KOMİSYON KONUŞMASI

CAVİT ARI (Antalya) - Sayın Başkanım, öncelikle, İbrahim Bey'e şöyle bir şey söylemek istiyorum; Garo Bey'in eleştirilerine İbrahim Bey'in verdiği cevabı savunma mahiyetinde kesinlikle saymayarak şunu ifade edeyim: Bugüne kadar muhalefet olarak bizim sayısız haklı önerimiz oldu, hiçbirini dinlemediniz, dikkate almadınız ancak sonradan bizim haklı olduğumuz birçok yerde ortaya çıktı ve ona göre düzenlemeler yapmak zorunda kaldığınızı da burada hatırlatmak istiyorum İbrahim Bey. Dolayısıyla da muhalefet olarak bizlerin önerilerini de dikkate almanızda fayda var.

İBRAHİM AYDEMİR (Erzurum) - İlerleyen zaman içerisinde birtakım şeyler bir bakıyorsunuz ki ihtiyaç hâline gelmiş.

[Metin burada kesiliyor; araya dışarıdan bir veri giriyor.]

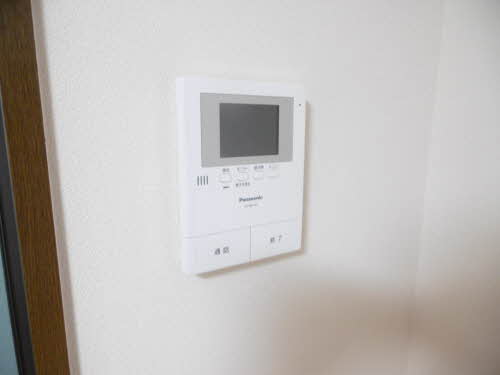 ベルージュ 0101号-9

CAVİT ARI (Antalya) - İhtiyaç hâline gelmiş değil, başta onu biz zaten önermiş oluyoruz, o sırada, siz fark etmiyorsunuz onu.

NİLGÜN ÖK (Denizli) - Örnek ver, örnek.

CAVİT ARI (Antalya) - Şimdi, konumuzla ilgili konuşursak, değerli arkadaşlar, bakın, özellikle Sayın Kabaoğlu Hocamız çok detaylı bir şekilde ifadede bulundu bu düzenleme hakkında. 15 Temmuz darbe girişimi sonrasında ilan edilen bir OHAL süreci ve sonrasında da 2018 yılında 7145 sayılı Kanun'la getirilen düzenlemeler... Tabii ki bu 15 Temmuz sonrasındaki ihtiyaç olan OHAL sürecini o dönemin koşulları içerisinde olması gereken olarak sayabiliriz. Ancak iktidar -aradan beş seneye yaklaşan bir süre oldu- bu konularda demek ki yeterli performansı sağlayamadı, sergileyemedi, hâlâ böyle bir düzenlemeye ihtiyacı var diye düşünebiliriz. Birinci konu bu.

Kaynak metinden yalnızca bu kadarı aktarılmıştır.